More Illustrations from Feodor Rojankovsky's Just So Stories: "How the Rhinoceros Got His Skin" (1942)

First, let me stipulate for the record that Rudyard Kipling's Just So Stories are wonderful and magical and way politically incorrect. Second, if you missed it before, here are the illustrations from another book in the series: Rojankovsky's version of How the Leopard Got His Spots. They were published in 1942 by Garden City (an imprint of Doubleday). Maybe because of the war, the quality of the paper and the binding was substandard. This particular copy is showing its age (note the water staining on the cover, and the bindings are quite loose), but the price was right, and I wouldn't trade this copy for anything. I suspect that if these had been produced for Golden Books a few years later--during Rojankovsky's long association with that company--these would have become iconic images, but for now they languish. Doubleday, are you out there? Compile these books and bring them back into print in one volume, please and thank you.

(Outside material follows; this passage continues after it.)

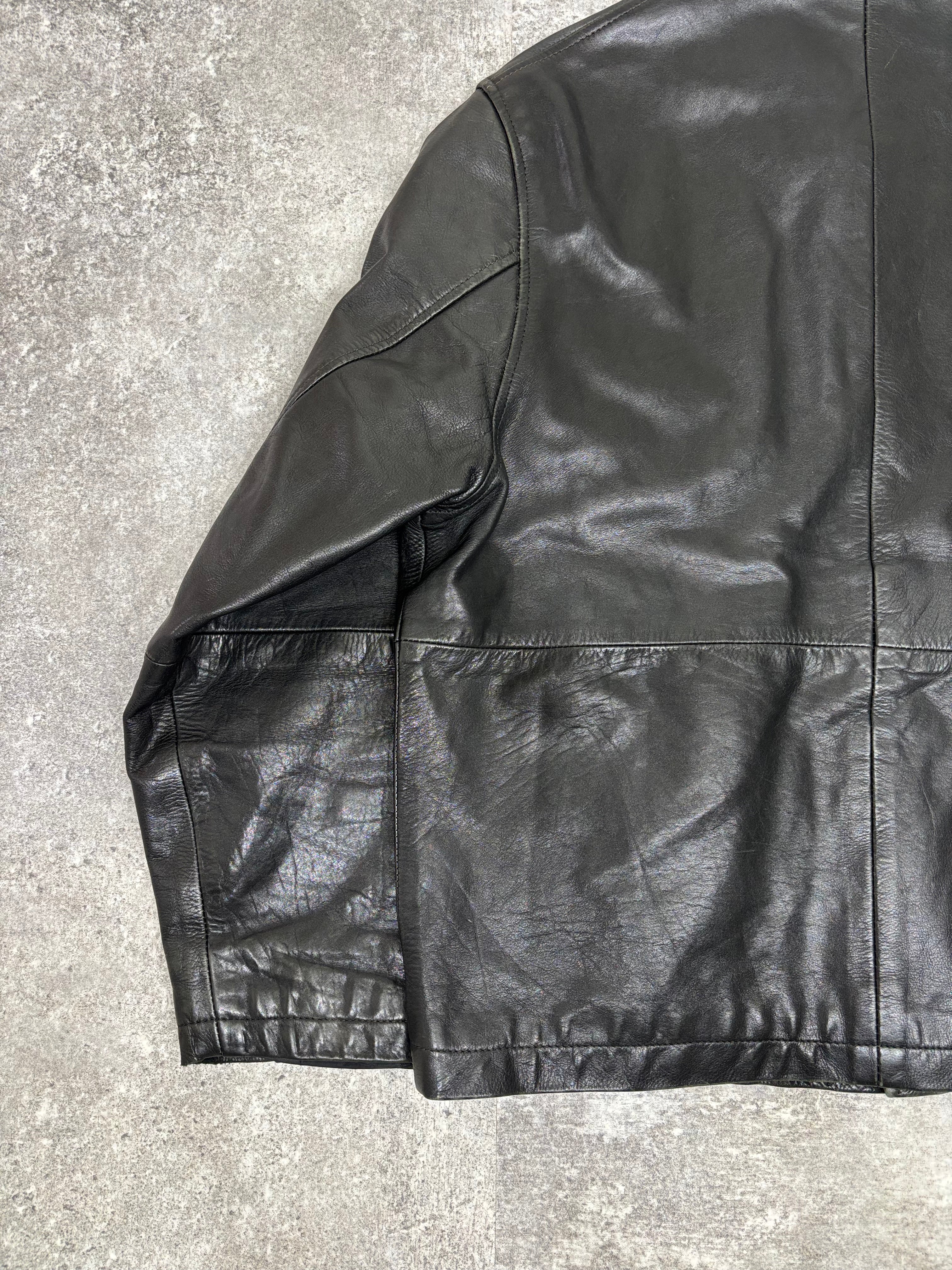 2000s Vintage Black Leather Jacket by KIABI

Rudyard Kipling's How the Rhinoceros Got His Skin (Garden City, 1942) - F. Rojankovsky

"Once upon a time, on an uninhabited island on the shores of the Red Sea, there lived a Parsee from whose hat the rays of the sun were reflected in more-than-oriental splendour."

"Them that takes cakes Which the Parsee-man bakes Makes dreadful mistakes."



"So he went home, very angry indeed and horribly scratchy; and from that day to this every rhinoceros has great folds in his skin and a very bad temper, all on account of the cake-crumbs inside."